# Salt-cooked potatoes, trying them



## AmandaN80 (May 29, 2011)

I saw someone posted about these in a 'what can I do with salt' post. I decided to give them a try. I bought some new yellow potatoes and some sea salt made by Mortons. In addition to the sea salt I added about a handful of pink sea salt. The salt I see thats caking on the upper part of the pan and the bubbles are actually pink. I will be amused if they turn out with a pink salt crust. I wanted to say thanks to whoever posted the info about these! I cant wait to try them


----------



## ranleemil (May 29, 2011)

*Salt Potatoes*

I was introduced to salt potates about 30 years ago in upstate New York. I many areas there, you can actually buy a prepackaged bag containing about 3 lbs of small potates and about a pound of salt. Since then I've served them at parties with great success. They are also a big concession item at the New York State Fair in Syracuse.

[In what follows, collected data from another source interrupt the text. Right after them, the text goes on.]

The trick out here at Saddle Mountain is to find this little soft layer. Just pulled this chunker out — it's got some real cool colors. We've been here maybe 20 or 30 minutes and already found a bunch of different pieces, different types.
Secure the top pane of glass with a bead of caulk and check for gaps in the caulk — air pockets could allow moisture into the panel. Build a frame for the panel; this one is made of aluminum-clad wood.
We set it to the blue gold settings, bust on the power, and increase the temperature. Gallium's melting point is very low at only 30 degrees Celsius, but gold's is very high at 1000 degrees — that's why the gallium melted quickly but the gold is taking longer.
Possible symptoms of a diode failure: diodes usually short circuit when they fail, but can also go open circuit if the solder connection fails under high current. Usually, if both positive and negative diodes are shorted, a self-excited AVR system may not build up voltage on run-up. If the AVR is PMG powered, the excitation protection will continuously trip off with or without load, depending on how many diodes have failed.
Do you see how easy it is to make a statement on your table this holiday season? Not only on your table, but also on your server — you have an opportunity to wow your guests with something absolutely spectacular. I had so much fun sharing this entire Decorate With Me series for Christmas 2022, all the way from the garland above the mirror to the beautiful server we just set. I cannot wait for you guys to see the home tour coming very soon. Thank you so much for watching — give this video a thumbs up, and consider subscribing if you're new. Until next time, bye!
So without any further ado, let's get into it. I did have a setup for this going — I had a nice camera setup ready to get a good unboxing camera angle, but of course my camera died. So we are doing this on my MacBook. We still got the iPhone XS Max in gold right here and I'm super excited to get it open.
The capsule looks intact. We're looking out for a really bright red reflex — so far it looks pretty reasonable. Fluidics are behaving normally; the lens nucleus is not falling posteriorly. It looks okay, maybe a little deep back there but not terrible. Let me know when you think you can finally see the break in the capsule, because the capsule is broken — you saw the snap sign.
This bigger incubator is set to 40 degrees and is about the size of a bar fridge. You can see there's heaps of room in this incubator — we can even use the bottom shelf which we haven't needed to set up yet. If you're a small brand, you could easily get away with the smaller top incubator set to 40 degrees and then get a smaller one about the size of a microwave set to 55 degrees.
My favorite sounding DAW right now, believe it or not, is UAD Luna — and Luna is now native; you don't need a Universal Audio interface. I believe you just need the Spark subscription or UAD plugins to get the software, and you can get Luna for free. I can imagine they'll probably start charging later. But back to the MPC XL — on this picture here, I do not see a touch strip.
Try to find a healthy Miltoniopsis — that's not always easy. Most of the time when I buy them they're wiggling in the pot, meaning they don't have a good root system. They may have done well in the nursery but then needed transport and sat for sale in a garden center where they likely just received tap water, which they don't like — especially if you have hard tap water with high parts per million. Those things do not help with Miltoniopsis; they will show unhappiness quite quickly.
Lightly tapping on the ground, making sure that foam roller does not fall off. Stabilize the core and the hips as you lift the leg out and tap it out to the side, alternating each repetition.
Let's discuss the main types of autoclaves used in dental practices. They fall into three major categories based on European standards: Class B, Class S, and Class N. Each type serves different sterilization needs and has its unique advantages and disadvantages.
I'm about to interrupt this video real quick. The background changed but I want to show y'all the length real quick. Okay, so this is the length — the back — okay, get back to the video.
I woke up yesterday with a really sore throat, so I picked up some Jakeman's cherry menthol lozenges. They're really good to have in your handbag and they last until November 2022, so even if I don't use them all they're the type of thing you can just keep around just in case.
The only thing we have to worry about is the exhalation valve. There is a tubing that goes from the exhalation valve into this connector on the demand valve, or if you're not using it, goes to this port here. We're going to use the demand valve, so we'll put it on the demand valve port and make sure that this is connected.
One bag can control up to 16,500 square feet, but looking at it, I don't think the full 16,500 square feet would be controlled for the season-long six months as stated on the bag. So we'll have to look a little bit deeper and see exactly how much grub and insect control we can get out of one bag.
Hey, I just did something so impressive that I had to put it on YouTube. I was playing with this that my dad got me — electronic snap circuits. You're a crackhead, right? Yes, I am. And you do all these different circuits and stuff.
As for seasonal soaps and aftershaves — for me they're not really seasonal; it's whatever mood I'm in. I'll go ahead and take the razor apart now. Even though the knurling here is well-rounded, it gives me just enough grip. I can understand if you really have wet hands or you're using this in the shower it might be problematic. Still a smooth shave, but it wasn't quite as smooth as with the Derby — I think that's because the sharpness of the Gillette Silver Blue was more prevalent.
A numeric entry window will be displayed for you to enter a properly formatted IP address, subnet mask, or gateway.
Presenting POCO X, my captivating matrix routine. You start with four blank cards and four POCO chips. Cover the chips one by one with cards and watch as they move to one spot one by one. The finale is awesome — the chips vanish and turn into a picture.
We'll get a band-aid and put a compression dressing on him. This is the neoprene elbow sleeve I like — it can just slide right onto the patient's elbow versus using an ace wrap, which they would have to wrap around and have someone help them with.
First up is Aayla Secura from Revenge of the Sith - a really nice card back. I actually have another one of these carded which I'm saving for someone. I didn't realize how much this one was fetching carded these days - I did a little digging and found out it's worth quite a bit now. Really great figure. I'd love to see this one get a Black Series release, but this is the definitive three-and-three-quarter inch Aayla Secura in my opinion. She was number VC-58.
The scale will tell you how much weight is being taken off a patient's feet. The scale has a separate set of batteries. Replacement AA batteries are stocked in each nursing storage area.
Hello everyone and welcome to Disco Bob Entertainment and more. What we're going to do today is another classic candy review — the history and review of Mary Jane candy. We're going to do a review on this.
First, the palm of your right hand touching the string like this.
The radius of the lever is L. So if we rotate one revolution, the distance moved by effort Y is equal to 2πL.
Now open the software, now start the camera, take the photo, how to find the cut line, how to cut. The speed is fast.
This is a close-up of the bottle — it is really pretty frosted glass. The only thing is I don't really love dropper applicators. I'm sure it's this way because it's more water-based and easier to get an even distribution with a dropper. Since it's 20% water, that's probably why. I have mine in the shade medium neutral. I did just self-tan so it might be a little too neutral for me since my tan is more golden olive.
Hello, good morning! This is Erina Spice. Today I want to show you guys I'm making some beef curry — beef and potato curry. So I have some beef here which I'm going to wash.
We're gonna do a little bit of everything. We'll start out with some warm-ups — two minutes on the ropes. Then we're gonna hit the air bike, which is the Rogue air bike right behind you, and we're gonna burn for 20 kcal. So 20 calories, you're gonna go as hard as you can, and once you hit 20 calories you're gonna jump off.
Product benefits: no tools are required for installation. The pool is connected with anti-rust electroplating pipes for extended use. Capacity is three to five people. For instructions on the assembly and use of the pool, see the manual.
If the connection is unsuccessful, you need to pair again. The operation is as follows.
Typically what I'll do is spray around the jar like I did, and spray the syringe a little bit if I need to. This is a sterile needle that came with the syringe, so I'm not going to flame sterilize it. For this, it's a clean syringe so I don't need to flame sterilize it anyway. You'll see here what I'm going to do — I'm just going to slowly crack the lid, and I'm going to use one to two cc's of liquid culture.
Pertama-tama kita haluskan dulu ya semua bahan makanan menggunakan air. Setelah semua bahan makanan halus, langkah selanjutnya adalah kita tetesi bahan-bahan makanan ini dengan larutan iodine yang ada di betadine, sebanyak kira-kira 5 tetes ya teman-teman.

I take them a step farther by reducing the salt in boiling, and after they are cooked, transferring them to a pot or pan in which you have combined about an equal mixture of melted butter and soy sauce.Outrageously good! ( P.S. You can also just serve the soy/butter in a separate small bowl for dipping!)


----------



## AmandaN80 (May 29, 2011)

I saw that about them being sold with the salt in NY. I think out of other websites reviews, only one person has not enjoyed them.
If I like them(and I love most potatoes dishes) I plan on making them for a huge BBQ well be having in late june. I told my mom about them today and she wants to try them now too lol 
Thanks for your advice and information about them!


----------



## AmandaN80 (May 29, 2011)

These are awesome! Cant wait to make them for my family and friends!


----------



## Bolas De Fraile (May 30, 2011)

You both have good taste Carnarios or Papas Arrugadas served with Mojo Picon is a favorite nibble whilst waiting for the BBQ.
I am so crazy that if you check out the recent thread on San Marzano Tomatoes I explain how I am trying to recreate the soil to grow the pots for this dish.


----------



## AmandaN80 (May 30, 2011)

Bolas, Ill go look  Thanks


----------



## CWS4322 (May 31, 2011)

I missed the original discussion/recipe. Can s/one pretty please point me to it? I am somewhat challenged when it comes to searching the forum for posts...


----------



## silentmeow (May 31, 2011)

These sound delicious.  Could someone give me the recipe or point me in the right direction?


----------



## Aunt Bea (May 31, 2011)

http://www.discusscooking.com/forums/f126/salt-72462.html?highlight=uses+for+salt

This is the thread


----------



## Bolas De Fraile (May 31, 2011)

This is the recipe I usehttp://www.discoverlanzarote.com/papas_arrugadas.asp
There is a state owned museum of local history, near the roundabout by the monument de campesinos, it has a restaurant that only serves traditional Lanzarote food. They do suckling pig roast in salt.


----------



## Aunt Bea (May 31, 2011)

Bolas De Fraile said:


> This is the recipe I usePapas Arrugadas Recipe - DiscoverLanzarote.com
> There is a state owned museum of local history, near the roundabout by the monument de campesinos, it has a restaurant that only serves traditional Lanzarote food. They do suckling pig roast in salt.


 

The picture with the link says it all!

These are always on the menu when we have Bakers Cornell grilled chicken and a bottle or two of beer.

Did I mention the beer


----------



## CWS4322 (May 31, 2011)

Thanks!


----------



## AmandaN80 (May 31, 2011)

I ended up cooking in smaller batches so I had about 6-9 small yellow potatoes and put in about a 1/4c of sea salt. I used Morton brand. Then scrubbed the potatoes and put them in the cold water(about 8 cups maybe) and poured the salt in and put it on high heat for about 45 mins
:-D They were better room temp/chilly to me and the kids


----------



## AmandaN80 (May 31, 2011)

oh and I drained them and within a few minutes had a light crust on them too


----------